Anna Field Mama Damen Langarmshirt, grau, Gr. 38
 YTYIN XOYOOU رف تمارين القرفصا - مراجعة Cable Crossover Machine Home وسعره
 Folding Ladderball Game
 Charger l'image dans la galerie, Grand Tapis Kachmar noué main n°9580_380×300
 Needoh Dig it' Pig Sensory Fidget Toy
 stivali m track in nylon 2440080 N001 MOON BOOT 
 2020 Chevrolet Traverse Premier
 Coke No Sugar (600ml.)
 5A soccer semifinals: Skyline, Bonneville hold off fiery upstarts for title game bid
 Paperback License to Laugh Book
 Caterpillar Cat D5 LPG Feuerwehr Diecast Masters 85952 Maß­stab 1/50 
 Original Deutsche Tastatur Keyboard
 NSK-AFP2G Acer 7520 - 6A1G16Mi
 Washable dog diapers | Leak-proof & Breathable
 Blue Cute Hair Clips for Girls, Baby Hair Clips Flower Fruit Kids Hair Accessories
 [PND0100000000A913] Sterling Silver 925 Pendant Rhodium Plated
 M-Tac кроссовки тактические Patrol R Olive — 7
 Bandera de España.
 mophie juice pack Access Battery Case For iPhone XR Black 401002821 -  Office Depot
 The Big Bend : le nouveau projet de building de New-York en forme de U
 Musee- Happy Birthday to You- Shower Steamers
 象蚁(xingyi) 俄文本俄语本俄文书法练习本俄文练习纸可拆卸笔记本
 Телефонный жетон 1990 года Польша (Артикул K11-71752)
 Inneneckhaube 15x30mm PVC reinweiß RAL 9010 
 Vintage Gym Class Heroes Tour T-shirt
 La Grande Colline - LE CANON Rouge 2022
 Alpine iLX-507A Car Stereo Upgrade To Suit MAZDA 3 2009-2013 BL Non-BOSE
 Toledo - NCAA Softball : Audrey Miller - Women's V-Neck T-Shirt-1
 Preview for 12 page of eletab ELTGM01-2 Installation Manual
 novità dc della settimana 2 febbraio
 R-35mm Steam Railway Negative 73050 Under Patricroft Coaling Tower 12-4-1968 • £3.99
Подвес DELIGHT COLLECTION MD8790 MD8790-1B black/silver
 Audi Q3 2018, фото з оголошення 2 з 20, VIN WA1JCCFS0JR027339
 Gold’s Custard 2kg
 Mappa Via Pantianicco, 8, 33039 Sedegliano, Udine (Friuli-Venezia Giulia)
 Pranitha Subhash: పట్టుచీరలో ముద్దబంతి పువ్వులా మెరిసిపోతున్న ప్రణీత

========

• _Work to complete_: Go through the listing above and write out exactly the lines starting with the one holding "象蚁(xingyi) 俄文本俄语本俄文书法练习本俄文练习纸可拆卸笔记本" and running through the one holding "Gold’s Custard 2kg", ends included, and no others.

• _Answer to this problem_:
 象蚁(xingyi) 俄文本俄语本俄文书法练习本俄文练习纸可拆卸笔记本
 Телефонный жетон 1990 года Польша (Артикул K11-71752)
 Inneneckhaube 15x30mm PVC reinweiß RAL 9010 
 Vintage Gym Class Heroes Tour T-shirt
 La Grande Colline - LE CANON Rouge 2022
 Alpine iLX-507A Car Stereo Upgrade To Suit MAZDA 3 2009-2013 BL Non-BOSE
 Toledo - NCAA Softball : Audrey Miller - Women's V-Neck T-Shirt-1
 Preview for 12 page of eletab ELTGM01-2 Installation Manual
 novità dc della settimana 2 febbraio
 R-35mm Steam Railway Negative 73050 Under Patricroft Coaling Tower 12-4-1968 • £3.99
Подвес DELIGHT COLLECTION MD8790 MD8790-1B black/silver
 Audi Q3 2018, фото з оголошення 2 з 20, VIN WA1JCCFS0JR027339
 Gold’s Custard 2kg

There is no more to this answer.